Les valeurs fondamentales de l'Australie que sont l'acceptation, la tolérance et l'ouverture d'esprit ont permis au pays de forger une société multiculturelle harmonieuse et dynamique qui attire des personnes du monde entier, a souligné M. Woolcott. L'immigration est un ingrédient essentiel pour soutenir le succès économique et social de l'Australie, a-t-il ajouté. Bien que l'Australie soit l'un des pays les plus tolérants du monde, les autorités ne peuvent promettre mettre un terme à tous les crimes urbains; aucun gouvernement ne peut, de manière crédible, promettre une telle chose, a souligné M. Woolcott. Des opérations de police renforcées et plus visibles ont été menées pour améliorer la sécurité physique dans les villes australiennes, a poursuivi le Représentant permanent, assurant que des ressources accrues pour la police permettent d'avoir des rues plus sûres pour tous. Afin d'assurer que ceux qui demandent à faire des études en Australie sont de véritables étudiants et non des travailleurs clandestins ouverts à l'exploitation, les systèmes d'éducation et de visa pour les étudiants internationaux ont été réformés et leur intégrité renforcée, a indiqué M. Woolcott. Il a ajouté que pour obtenir un visa d'étudiant, un montant d'argent plus élevé a été fixé pour déterminer la capacité des étudiants internationaux à subvenir à leurs besoins.

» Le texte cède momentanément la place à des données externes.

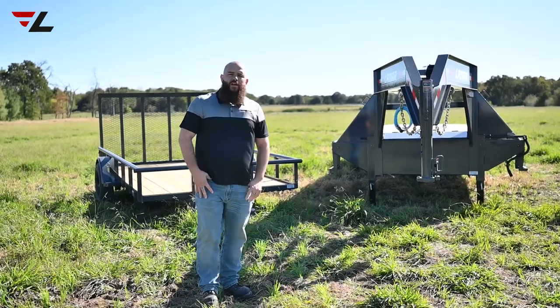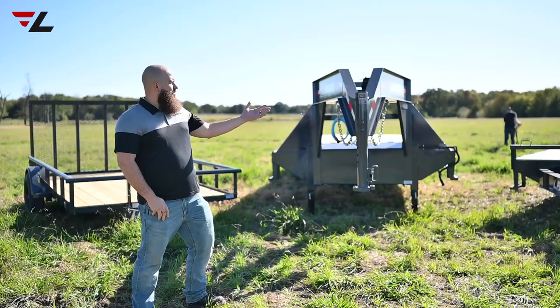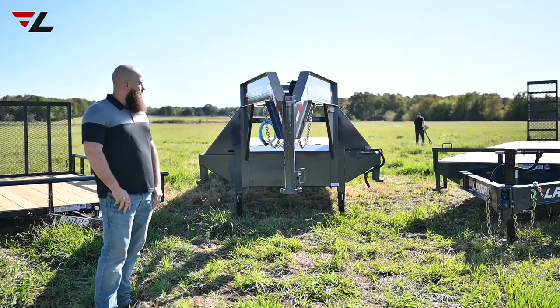Hi, I'm Jamie with Lamar Trailers, and today we're going to do a little bit of a comparison video on three different types of trailers and their uses. So let's start all the way on your right, or my left, and here we've got a deck over trailer.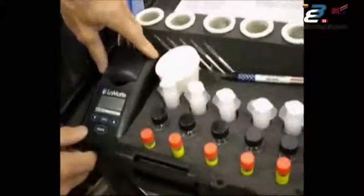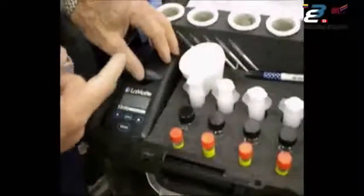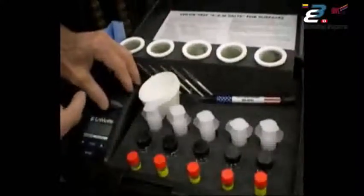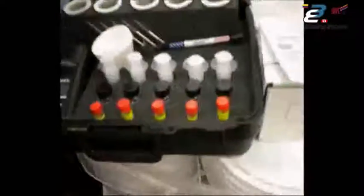What the meter actually is is an electronic eye that looks through the bottle and measures the opacity of the solution. If you've got dirty fingerprints on there, it can affect that reading, so we provide the wipes to deal with that.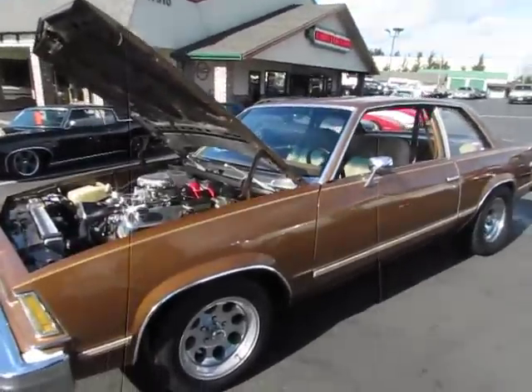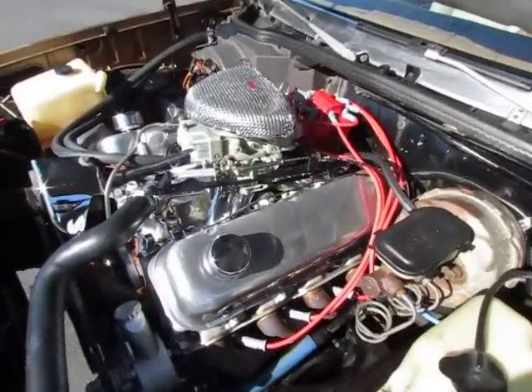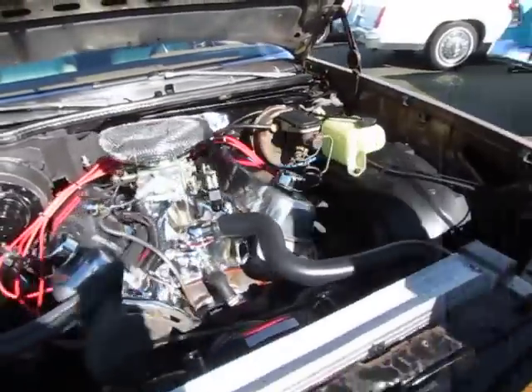Hi, this is Mark from Compact Car Corner, and today we're going to show you a 1979 Chevrolet Malibu. Now someone's put a big block motor in this — 468. Double pumper Holley, HCI ignition.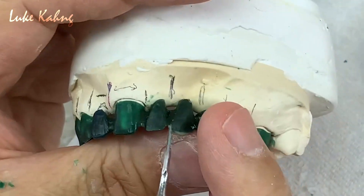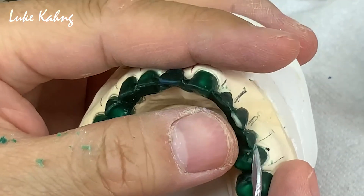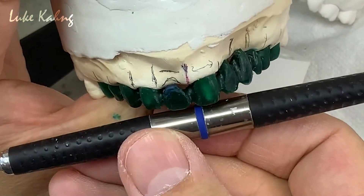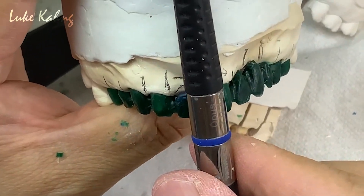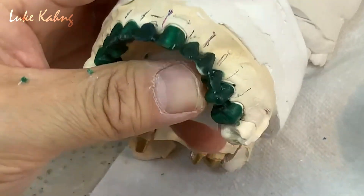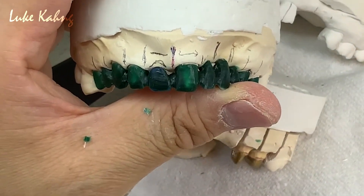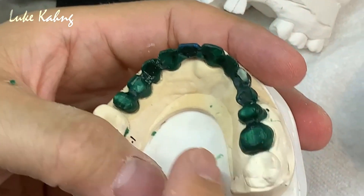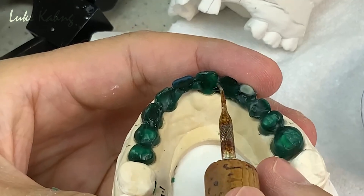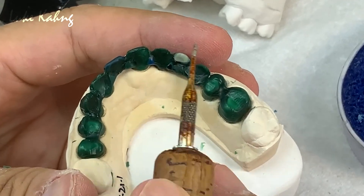When you have something sticking out, you have to control the facial thickness. Here is the horizontal, here is the vertical — take a look at it. Just a little bit longer, matching this compared to what I'm achieving. I like this. I want to make it a little bit thick.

Un autre membre de la délégation australienne a souligné que les excuses nationales (présentées en 2008 aux peuples autochtones de l'Australie) constituaient un moment important de l'histoire du pays. Il s'agissait en effet de la première étape de la reconnaissance des effets néfastes des politiques gouvernementales du passé, notamment pour ce qui a trait au retrait des enfants autochtones de leurs familles. Dans ce contexte, la délégation a précisé que des compensations et des régimes d'indemnisation ont été mis en place, au niveau des États, au Queensland, en Tasmanie et en Australie occidentale pour tous ceux qui avaient été victimes de violences physiques et sexuelles alors qu'ils étaient dans des institutions de l'État. Le Gouvernement australien, pour sa part, a alloué 26,6 millions de dollars sur quatre ans à l'établissement d'une Fondation de guérison (Healing Foundation) des aborigènes et insulaires du détroit de Torres.
Les mesures fondamentales de la Réponse d'urgence dans le Territoire du Nord (ou NTER, selon l'acronyme anglais) restent en place, a poursuivi la délégation. Néanmoins, plusieurs de ces mesures ont été améliorées et de faire en sorte qu'elles correspondent plus clairement à des mesures spéciales telles que prévues dans la Loi relative à la discrimination raciale, a-t-elle ajouté. Elle a attiré l'attention sur les principales réalisations à porter au crédit de la NTER dans le domaine de la santé.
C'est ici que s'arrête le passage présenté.